» Work instruction:
Exactly retype the lines of the material from its first line to the line with "Hi guys, welcome", including both.

---- Entries shown

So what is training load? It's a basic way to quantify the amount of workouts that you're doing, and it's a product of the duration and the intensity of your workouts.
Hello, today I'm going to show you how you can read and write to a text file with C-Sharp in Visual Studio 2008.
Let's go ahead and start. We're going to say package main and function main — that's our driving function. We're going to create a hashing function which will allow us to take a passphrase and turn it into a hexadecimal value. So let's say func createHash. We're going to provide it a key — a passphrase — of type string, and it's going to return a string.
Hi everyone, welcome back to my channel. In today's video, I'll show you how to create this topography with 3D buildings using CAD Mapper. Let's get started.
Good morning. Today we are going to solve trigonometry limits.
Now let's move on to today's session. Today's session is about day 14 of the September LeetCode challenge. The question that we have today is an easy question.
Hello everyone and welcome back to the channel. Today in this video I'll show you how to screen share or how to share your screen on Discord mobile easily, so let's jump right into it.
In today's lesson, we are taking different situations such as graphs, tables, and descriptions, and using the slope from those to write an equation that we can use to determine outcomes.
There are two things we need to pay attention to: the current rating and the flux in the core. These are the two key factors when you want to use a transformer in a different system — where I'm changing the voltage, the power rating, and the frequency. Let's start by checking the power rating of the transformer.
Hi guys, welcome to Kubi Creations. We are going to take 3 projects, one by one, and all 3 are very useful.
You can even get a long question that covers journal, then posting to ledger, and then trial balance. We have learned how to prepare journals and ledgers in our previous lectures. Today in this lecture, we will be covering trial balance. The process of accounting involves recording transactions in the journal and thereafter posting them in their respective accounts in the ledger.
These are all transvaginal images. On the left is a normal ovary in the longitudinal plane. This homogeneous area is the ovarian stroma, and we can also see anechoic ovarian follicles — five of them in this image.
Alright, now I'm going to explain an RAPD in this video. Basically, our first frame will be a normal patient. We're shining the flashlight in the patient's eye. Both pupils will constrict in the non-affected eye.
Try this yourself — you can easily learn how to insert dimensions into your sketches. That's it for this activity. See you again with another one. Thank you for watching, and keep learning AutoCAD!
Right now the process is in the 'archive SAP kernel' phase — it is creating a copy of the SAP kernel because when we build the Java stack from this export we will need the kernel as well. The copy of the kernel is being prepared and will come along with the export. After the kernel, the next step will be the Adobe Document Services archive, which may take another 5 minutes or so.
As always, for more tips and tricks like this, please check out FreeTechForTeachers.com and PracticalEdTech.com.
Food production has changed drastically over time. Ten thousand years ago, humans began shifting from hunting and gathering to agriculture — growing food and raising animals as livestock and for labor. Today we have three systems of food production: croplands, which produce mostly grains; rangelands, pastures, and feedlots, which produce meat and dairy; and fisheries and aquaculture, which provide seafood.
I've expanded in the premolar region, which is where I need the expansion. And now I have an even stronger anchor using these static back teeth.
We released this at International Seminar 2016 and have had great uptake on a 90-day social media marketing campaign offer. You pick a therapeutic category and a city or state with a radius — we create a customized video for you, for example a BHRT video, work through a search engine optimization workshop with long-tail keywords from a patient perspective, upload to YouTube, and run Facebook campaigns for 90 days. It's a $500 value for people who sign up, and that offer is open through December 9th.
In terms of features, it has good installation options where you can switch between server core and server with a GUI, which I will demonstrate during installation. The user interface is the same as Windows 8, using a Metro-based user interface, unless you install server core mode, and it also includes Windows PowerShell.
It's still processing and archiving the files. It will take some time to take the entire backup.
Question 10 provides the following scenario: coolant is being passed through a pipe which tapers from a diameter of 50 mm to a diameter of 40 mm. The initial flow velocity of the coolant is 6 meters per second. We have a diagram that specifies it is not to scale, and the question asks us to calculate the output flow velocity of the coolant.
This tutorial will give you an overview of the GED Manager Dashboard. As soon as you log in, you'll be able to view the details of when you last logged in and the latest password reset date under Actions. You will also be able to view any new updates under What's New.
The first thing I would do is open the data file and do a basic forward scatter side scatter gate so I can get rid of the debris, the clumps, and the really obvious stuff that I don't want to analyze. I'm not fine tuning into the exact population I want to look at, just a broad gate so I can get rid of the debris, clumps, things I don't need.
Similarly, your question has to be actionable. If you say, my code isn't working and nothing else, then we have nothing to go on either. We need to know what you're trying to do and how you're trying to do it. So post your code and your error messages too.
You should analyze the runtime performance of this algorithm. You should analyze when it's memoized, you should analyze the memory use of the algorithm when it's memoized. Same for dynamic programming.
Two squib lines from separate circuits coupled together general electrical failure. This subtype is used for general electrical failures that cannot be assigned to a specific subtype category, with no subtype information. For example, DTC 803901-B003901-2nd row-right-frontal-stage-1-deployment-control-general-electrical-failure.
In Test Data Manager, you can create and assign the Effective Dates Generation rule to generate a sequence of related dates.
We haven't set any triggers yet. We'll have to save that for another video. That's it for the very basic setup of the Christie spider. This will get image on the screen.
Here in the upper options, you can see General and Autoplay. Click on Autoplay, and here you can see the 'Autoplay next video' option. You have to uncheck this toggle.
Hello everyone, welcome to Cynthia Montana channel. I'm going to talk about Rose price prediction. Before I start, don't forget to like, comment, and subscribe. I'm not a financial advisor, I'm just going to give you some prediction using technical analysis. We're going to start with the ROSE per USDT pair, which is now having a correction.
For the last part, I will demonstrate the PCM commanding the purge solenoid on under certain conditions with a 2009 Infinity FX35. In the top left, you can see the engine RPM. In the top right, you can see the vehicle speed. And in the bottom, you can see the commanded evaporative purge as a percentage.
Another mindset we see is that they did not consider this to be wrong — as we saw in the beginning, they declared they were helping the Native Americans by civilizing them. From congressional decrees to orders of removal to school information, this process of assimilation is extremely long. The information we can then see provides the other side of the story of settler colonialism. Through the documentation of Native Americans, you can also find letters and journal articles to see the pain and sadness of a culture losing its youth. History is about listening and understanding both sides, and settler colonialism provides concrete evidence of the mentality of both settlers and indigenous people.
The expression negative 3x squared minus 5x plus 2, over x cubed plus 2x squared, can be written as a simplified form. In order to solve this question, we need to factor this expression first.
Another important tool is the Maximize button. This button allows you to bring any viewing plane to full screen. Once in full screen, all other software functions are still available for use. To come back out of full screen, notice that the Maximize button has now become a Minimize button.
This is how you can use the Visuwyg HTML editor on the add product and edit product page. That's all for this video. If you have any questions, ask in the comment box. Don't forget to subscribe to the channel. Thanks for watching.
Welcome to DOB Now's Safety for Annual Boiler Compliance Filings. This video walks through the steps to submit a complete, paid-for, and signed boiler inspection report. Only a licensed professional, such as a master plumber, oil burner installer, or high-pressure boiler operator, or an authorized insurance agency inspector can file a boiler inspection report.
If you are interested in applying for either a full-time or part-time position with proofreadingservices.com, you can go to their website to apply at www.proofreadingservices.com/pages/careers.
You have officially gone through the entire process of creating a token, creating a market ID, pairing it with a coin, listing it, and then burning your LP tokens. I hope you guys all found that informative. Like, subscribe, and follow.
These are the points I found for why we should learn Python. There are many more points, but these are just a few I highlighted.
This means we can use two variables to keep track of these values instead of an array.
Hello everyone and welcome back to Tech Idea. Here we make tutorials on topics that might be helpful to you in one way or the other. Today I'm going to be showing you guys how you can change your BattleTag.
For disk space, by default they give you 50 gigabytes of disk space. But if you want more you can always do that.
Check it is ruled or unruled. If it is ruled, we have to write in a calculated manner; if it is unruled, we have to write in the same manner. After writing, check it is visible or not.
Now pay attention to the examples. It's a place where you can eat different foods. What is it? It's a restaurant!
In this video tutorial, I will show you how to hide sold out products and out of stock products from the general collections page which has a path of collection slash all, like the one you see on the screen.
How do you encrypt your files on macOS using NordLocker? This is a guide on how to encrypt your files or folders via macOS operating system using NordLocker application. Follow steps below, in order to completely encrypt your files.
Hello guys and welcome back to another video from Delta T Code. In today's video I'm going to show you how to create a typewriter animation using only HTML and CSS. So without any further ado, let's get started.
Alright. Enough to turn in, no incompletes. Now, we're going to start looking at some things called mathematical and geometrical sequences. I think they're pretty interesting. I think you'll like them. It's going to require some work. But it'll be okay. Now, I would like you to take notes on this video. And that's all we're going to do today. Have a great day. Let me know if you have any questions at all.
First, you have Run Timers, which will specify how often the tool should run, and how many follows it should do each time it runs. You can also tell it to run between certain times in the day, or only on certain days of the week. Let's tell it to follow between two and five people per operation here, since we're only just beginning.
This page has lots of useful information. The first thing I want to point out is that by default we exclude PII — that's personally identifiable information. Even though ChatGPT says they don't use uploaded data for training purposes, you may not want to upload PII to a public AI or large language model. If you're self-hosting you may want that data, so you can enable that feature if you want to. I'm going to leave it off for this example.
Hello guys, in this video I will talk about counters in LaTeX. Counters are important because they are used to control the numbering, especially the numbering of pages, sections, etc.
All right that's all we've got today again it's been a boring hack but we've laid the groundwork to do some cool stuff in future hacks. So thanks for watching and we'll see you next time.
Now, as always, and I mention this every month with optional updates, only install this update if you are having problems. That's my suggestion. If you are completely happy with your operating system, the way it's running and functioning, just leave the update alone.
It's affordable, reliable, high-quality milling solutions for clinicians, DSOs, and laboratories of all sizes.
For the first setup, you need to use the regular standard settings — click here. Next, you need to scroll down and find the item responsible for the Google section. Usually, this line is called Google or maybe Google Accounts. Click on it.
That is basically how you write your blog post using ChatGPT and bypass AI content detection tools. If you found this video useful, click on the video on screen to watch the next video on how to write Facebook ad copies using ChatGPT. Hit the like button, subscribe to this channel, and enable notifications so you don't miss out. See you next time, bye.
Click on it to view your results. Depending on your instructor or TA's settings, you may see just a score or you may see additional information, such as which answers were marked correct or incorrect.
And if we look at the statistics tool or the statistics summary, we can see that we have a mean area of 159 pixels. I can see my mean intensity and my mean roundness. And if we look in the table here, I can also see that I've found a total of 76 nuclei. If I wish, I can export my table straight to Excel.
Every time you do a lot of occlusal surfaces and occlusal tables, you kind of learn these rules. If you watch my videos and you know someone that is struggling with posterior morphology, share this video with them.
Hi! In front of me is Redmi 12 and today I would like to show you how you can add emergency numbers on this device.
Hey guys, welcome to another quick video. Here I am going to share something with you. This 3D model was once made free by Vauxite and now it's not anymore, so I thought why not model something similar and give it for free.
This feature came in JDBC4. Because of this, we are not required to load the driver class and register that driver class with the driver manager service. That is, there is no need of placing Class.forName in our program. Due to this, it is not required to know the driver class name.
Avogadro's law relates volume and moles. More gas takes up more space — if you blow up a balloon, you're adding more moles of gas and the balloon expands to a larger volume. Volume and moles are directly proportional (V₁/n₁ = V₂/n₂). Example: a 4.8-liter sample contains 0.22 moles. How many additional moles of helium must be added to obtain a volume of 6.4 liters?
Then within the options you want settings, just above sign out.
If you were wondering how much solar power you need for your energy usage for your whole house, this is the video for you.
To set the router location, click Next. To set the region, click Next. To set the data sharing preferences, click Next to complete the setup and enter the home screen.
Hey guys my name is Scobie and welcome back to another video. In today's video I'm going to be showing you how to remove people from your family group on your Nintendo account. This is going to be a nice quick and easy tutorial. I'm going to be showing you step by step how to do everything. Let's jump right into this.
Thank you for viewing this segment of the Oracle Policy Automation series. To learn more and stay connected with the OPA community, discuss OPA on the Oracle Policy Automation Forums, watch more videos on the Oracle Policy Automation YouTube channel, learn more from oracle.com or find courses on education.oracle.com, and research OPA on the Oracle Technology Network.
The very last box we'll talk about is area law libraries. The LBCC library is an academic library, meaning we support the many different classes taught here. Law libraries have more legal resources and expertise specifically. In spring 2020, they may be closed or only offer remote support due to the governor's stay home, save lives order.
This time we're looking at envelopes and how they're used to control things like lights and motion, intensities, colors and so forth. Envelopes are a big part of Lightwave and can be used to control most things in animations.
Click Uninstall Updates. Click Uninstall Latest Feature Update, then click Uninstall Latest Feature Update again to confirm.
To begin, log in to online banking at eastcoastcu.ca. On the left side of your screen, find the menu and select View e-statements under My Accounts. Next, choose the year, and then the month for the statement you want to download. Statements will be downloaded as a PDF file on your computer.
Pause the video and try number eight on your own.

--------

» Completed task:
So what is training load? It's a basic way to quantify the amount of workouts that you're doing, and it's a product of the duration and the intensity of your workouts.
Hello, today I'm going to show you how you can read and write to a text file with C-Sharp in Visual Studio 2008.
Let's go ahead and start. We're going to say package main and function main — that's our driving function. We're going to create a hashing function which will allow us to take a passphrase and turn it into a hexadecimal value. So let's say func createHash. We're going to provide it a key — a passphrase — of type string, and it's going to return a string.
Hi everyone, welcome back to my channel. In today's video, I'll show you how to create this topography with 3D buildings using CAD Mapper. Let's get started.
Good morning. Today we are going to solve trigonometry limits.
Now let's move on to today's session. Today's session is about day 14 of the September LeetCode challenge. The question that we have today is an easy question.
Hello everyone and welcome back to the channel. Today in this video I'll show you how to screen share or how to share your screen on Discord mobile easily, so let's jump right into it.
In today's lesson, we are taking different situations such as graphs, tables, and descriptions, and using the slope from those to write an equation that we can use to determine outcomes.
There are two things we need to pay attention to: the current rating and the flux in the core. These are the two key factors when you want to use a transformer in a different system — where I'm changing the voltage, the power rating, and the frequency. Let's start by checking the power rating of the transformer.
Hi guys, welcome to Kubi Creations. We are going to take 3 projects, one by one, and all 3 are very useful.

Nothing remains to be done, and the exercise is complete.